A: We’re calling it Buck Women in Science, and we started probably six months ago. The first thing that we did was we brought in an outside person to lead a workshop on leadership skills for women. That was just to get the ball rolling. What we realized in that session was that women have all these difficulties and nobody ever talked about it. Or they can find it challenging to navigate to get to the top— there’s certain walls for women.

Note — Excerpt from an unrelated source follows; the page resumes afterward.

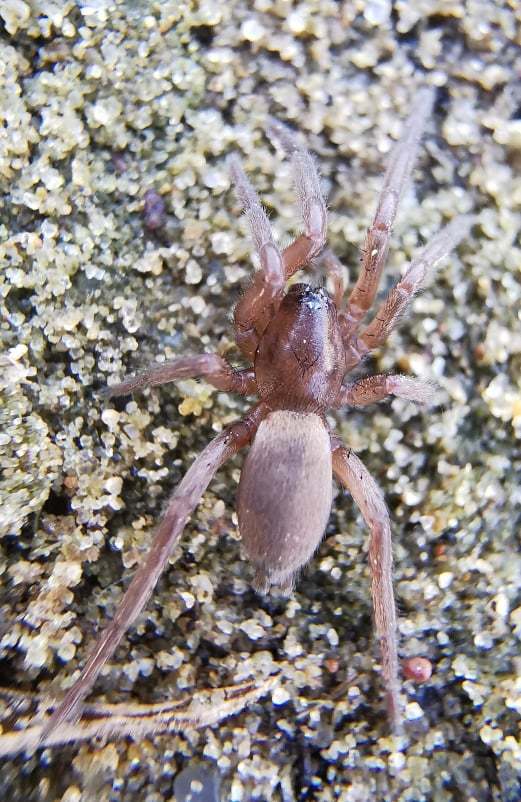 Haplodrassus cognatus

So then we set up peer mentoring group sessions. Once a month, we’re having these events where we choose different topics. Most recently, we’ve been discussing the book Nice Girls Don’t Get the Corner Office. I really enjoyed reading it. It’s a little bit controversial, and there are some things in there that may not be useful. But we had some great discussions about these things — how to not be a ‘nice girl’ because it can sometimes backfire. At least I know I’ve struggled with some ‘nice girl’ attributes in trying to get to a leadership position. And then corner office means your top-level dream job, whether it’s in academia or not.
We actually had so many things to discuss in the first session that we made a second session to talk about more things. We now have a list of topics that we’re going to be talking about at these sessions, including: networking skills for women; managing up; impostor syndrome; how to ‘have it all’ — managing different aspects of your life; what are women leaders — how do they act, look, and sound? All of these kinds of things.
Then we’re going to invite speakers. We got some funds from our CEO to invite speakers for our group — well-respected woman scientists who will visit and give scientific talks, and share some tips with our group on how to climb the professional ladder. My old classmate, [Berkeley Neuroscience PhD alum] Emily Jacobs from UC Santa Barbara, will be visiting us soon to give a seminar for this. I’m really hoping this kind of support group can help people learn skills.